DEV Community

PythicCoder for Microsoft Azure

Posted on • Originally published at towardsdatascience.com on

Preventing Homoglyph attacks with OCR.

TLDR; This post describes what homoglyph attacks are and how to prevent them with Cognitive Services.

Getting Started

Code for this story can be found on github.

aribornstein/HomoglyphAttackPreventionService

One click deployment instructions on Azure can be found below.

What is a Homoglyph attack?

In orthography and typography, a homoglyph is one of two or more characters with shapes that appear identical or very similar. In layman's terms, a homo-glyph is any character that looks similar to another character such the S and $ in the image above .

Language models are often vulnerable to obfuscation attacks using homo-glyphs, due to the way they encode text. In Unicode and Ascii for example, the same character codes look different in different fonts, and a model will struggle to learn their similarities.

Character encodings for beginners

To drive this point home, let’s take a look at the phrase below:

I got a $hitty result from my awesome cloud sentiment analysis model.
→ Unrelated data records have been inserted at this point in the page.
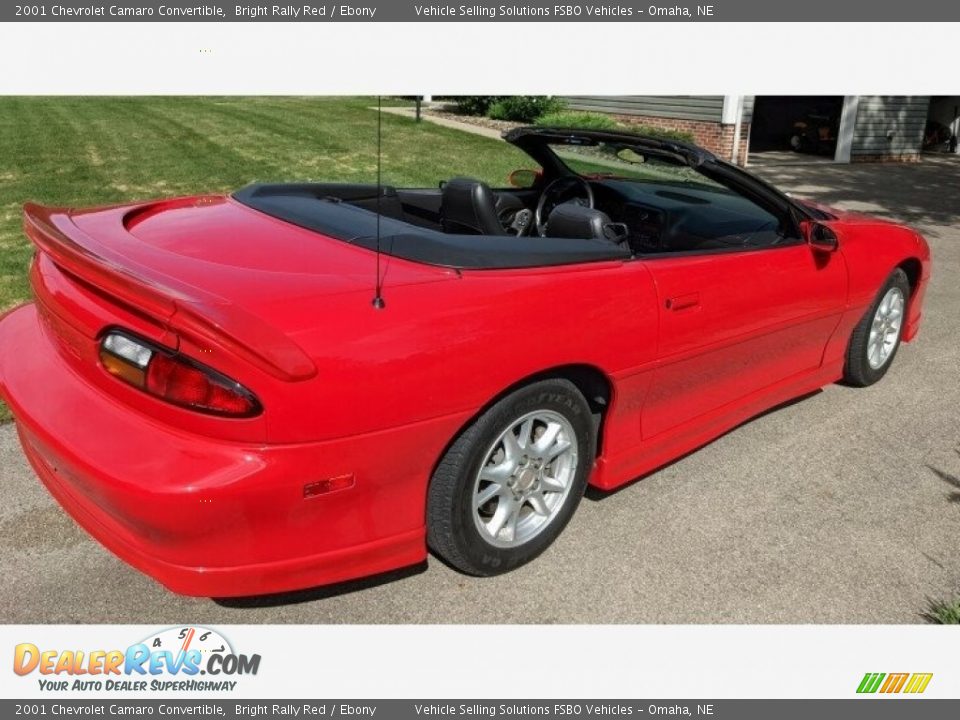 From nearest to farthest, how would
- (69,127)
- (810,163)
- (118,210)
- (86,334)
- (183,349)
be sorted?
1. (183,349)
2. (86,334)
3. (118,210)
4. (69,127)
5. (810,163)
The phrase above clearly demonstrates negative sentiment. The word $hitty is a homoglyphic obfuscation of the profane word shitty.
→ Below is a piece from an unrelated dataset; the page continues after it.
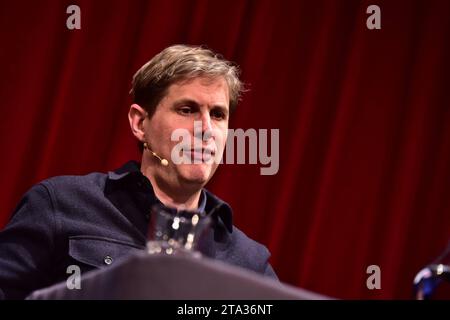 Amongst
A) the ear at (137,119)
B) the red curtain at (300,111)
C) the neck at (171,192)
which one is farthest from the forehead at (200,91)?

Let’s see how the four most popular cloud sentiment analysis services on the internet, handle this attack.

Clockwise, Azure Text Analytics and GCP Natural Language correctly classify the original sentiment but fail on the obfuscated text, IBM Watson fails to correctly classify sentiment of either text and AWS Comprehend does not provide a demo with out an AWS account but also fails on the example sentence.

As we can see Azure Text Analytics and GCP Natural Language correctly classify the original sentiment but both fail on the obfuscated text. IBM Watson, fails to correctly classify sentiment of either text. AWS Comprehend, does not provide a demo without an AWS subscription and also fails on the example sentence.

While the $ and S example above may seem arbitrary, the Latin and Cyrillic letters below in wikipedia demonstrate how such an attack can be effective and hard to detect.

This presents all sorts of problems for use cases, where such attacks can exploit or cause harm to applications, such as bots trying to hide from fake news detectors.

How to Prevent Homoglyph attacks?

Azure Computer Vision Correctly Reveals the Homoglyph when the text is represented as an image.

After talking with my friend Amit Moryossef from the BIU NLP lab, we realized we might be able to prevent homoglyph attacks using OCR systems.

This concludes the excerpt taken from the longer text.